Machine learning and methods. My research on machine learning methods aims to solve a fundamental problem: Behavioral scientists favor simple linear models which are easy to interpret but inaccurate in predicting real-world behavior. Complex machine learning models accurately predict behavior but are difficult to interpret. To address this problem, I created Generalized Shapley Additive Explanations (G-SHAP); a technique in explainable artificial intellgience. G-SHAP allows behavioral scientists to gain theoretical insight from complex models which accurately predict behavior.
Cyborg forecasting. There are two ways to predict the future: expert human judgment and statistical/machine learning models. Human judgment can answer complex questions, but is mired by heuristics and biases. Models are highly accurate, but require well-defined questions and large datasets. My long-term research goal is to create human-computer ‘cyborg’ forecasting systems which combine the best in human expertise with the best in machine learning to predict critical geopolitical events.
In 2020, I released an alpha version of hemlock, a python package which aspires to be the most powerful and flexible way to create studies, with applications in marketing and behavioral science research.
I had the idea for cyborg forecasting systems in the first year of my PhD. But even if I built a machine learning tool to interface with human experts, I realized I would have no way to test it in a behavioral study. To solve this problem, I spent every evening and weekend during the first two years of my PhD building a powerful survey creation software. One of hemlock’s defining features is its ability to run interactive machine learning algorithms in real time during behavioral studies.
Effective altruism. Find out how to do the most good, then do it. I believe ensuring humanity has a future is the most significant challenge of our time. I plan to use cyborg forecasting systems to predict and preempt existential catastrophes.
Solving problems is more important than understanding them. Theory is intrinsically interesting and instrumentally important. Fundamentally, what matters is making the world safer and better. Theory is important insofar as it contributes to solving problems. But theory isn’t always necessary. It’s possible to understand that a solution works before understanding why it works.

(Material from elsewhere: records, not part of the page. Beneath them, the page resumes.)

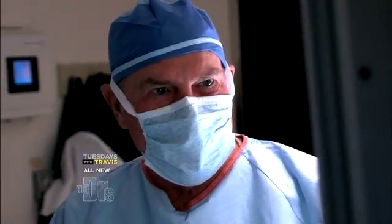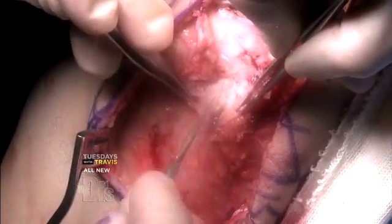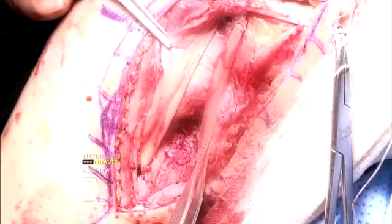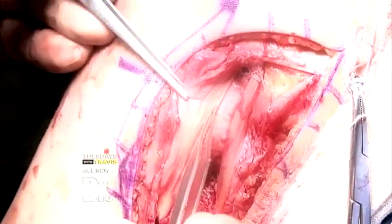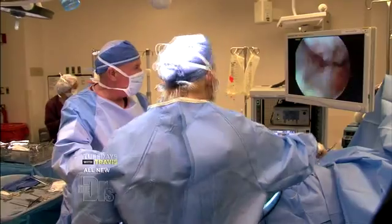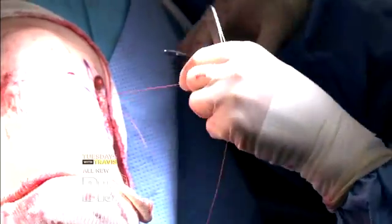Now we're going to address the LCL with the scalpel. This is where the tendon was torn, and this is where we're going to put our tunnel. We pull them through into the tunnel we've created — the two bands go down through the fibula and come out the other side, forming a triangle. We put in an interference screw, check our range of motion, finalize the fixation, and we're good to start closing.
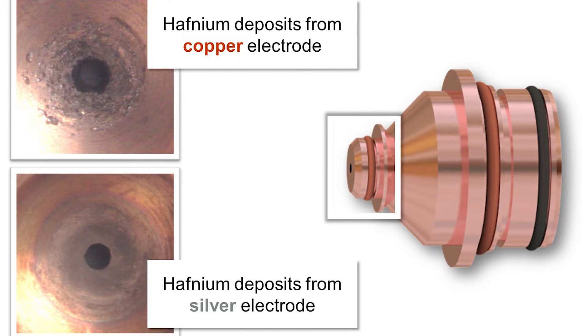In silver electrodes, pictured here, the stronger bond between silver and hafnium and the better thermal conductivity of silver results in less material deposited on the inside nozzle wall, extending the nozzle life.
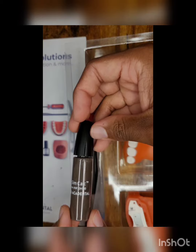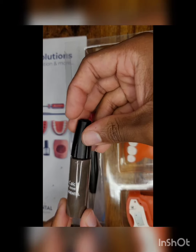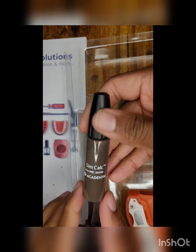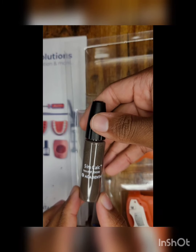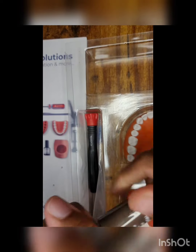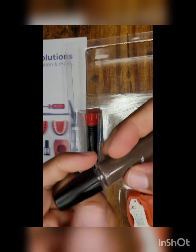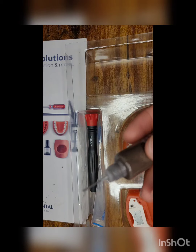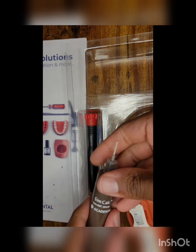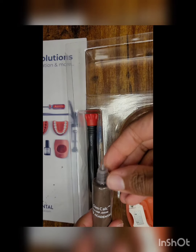It basically smells and acts like nail polish, so it usually comes in this bottle. You can actually buy them separately online with a few tips for about $30. But it does come with this kit, so you might as well just get the kit and not pay extra for the simulated calculus separately. And it does have a needle nose-like extruder.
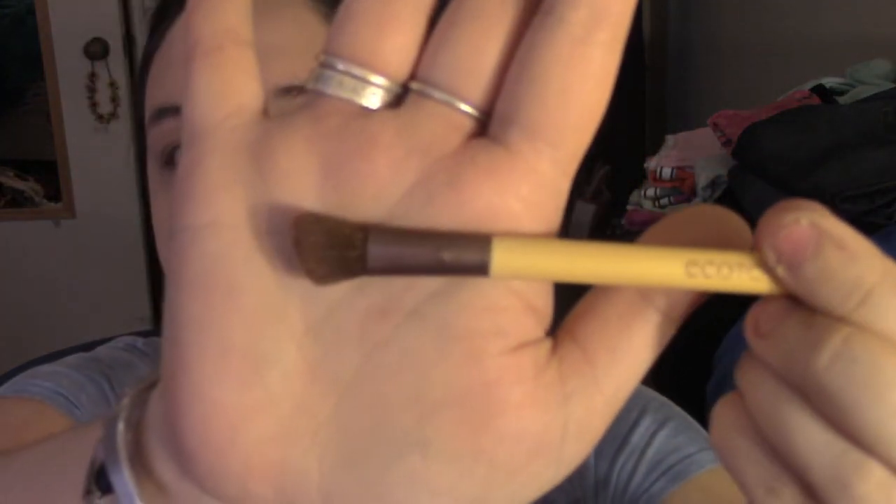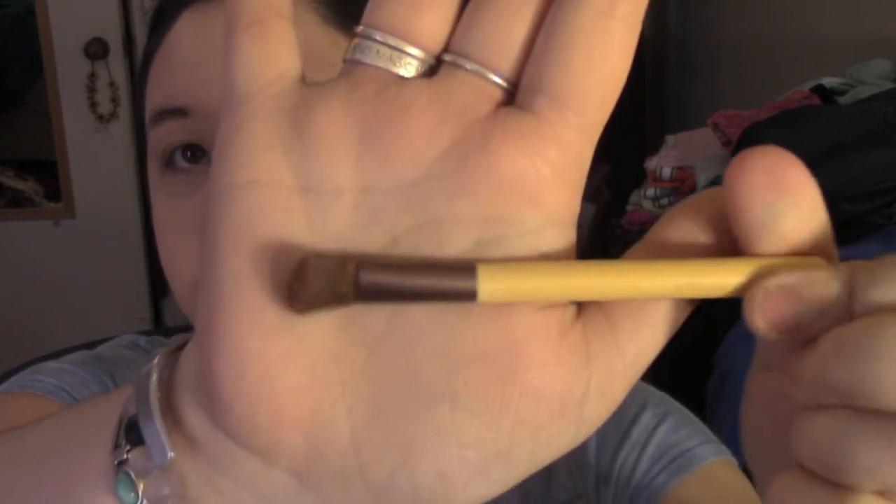Next, taking a small angle brush — this is actually an eyeshadow brush, but I use it for my contour. I'm going to dip the brush in and kind of carve out my cheekbones just like this. It looks really harsh, but then I like to blend it out. I like to use a smaller brush; it just seems to work a lot better when I contour.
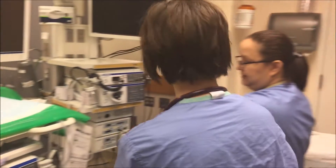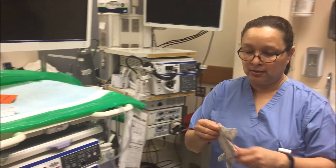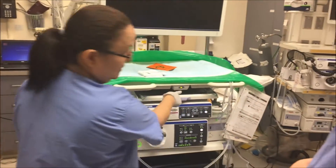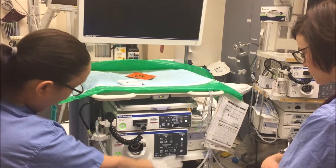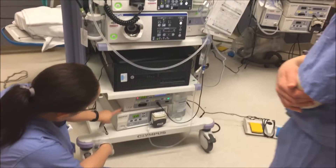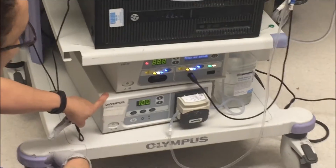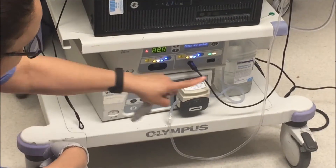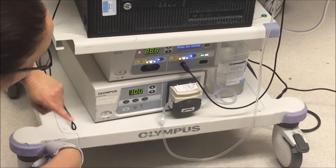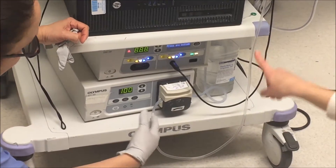You can put this aside because at the end you're going to be using that. Then we take the scope and we're going to turn it on from this — this is the button that will turn everything. This is the part of the computer that will give you the irrigation, that will give you the water. It will go through the scope and the doctor will be able to clean inside, and that will already be set up.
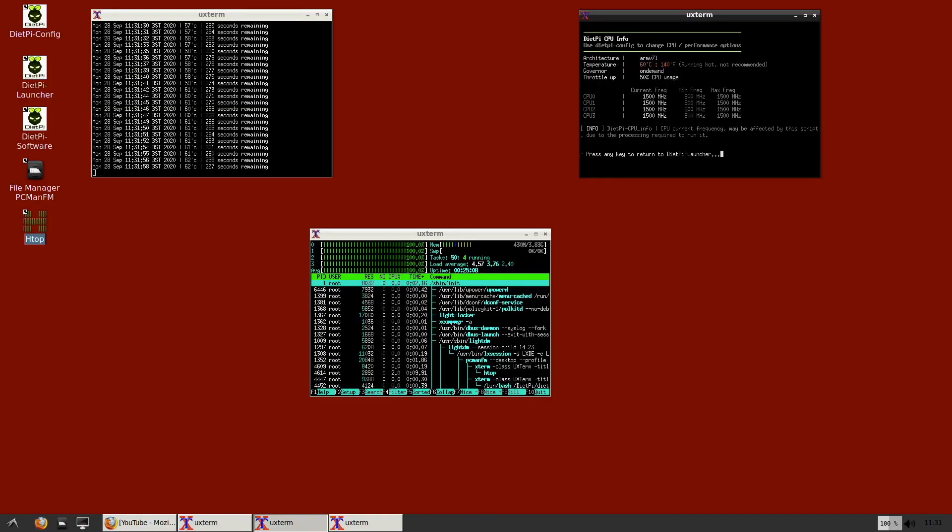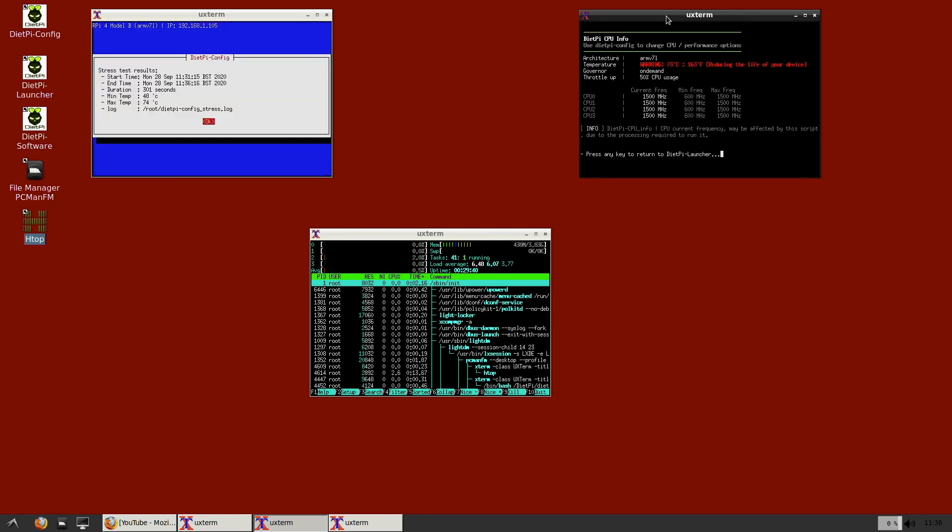The original case, with no surprises, easily reached 74 degrees Celsius during the five-minute stress test, which is not great. After 70 degrees Celsius, it's not good for any components. The CPU will start to thermally throttle — reducing its clock speed to lower the temperature — but at the cost of performance. If you're running Plex, Home Assistant, and similar servers, this will happen.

Full stack academic. Papers are not the end product. Solutions are. I believe the gap between academic discovery and implementation is too large. My aim is to either partner with practitioners to make sure my work is used, or level up to become a full stack academic: taking a concept from hypothesis to deliverable.
A good tool makes simple things easy and complex things possible. Simple is better than complex, but complex is increasingly necessary. To facilitate work at every level, we need tools that allow us to execute simple tasks easily while granting us the power and flexibility to pursue complex ideas. This is the philosophy powering hemlock.
Technical sophistocation is necessary for scientific progress. Every scientific field has become and continues to become more technically sophisticated. Behavioral science is no exception. The low-hanging fruit has been picked - new biases are no longer waiting to be discovered around every corner - and technically sophisticated methods are necessary for the field to progress.
The only thing that matters is what you create. Your accolades and alma mater aren’t going to change the world. The only thing that matters is what you create, whether it’s an invention, a software package, a paper, or a work of art. You can even create an inspiring idea or a lifelong friendship. Forget the scholarships, the prestige, and the medals. Those will come. Learn the skills you need to create something extraordinary, then make it.
Have a vision. Strive for direction and coherence in your work. Everything you do should aim at a single high-level goal. Dedicate time to constructing, clarifying, and reevaluating that goal. Learn the skills and acquire the tools you need to pursue your vision - even if you have to invent the tools yourself. Once you have your vision, allow yourself to modify it, but don’t allow yourself to give up on it.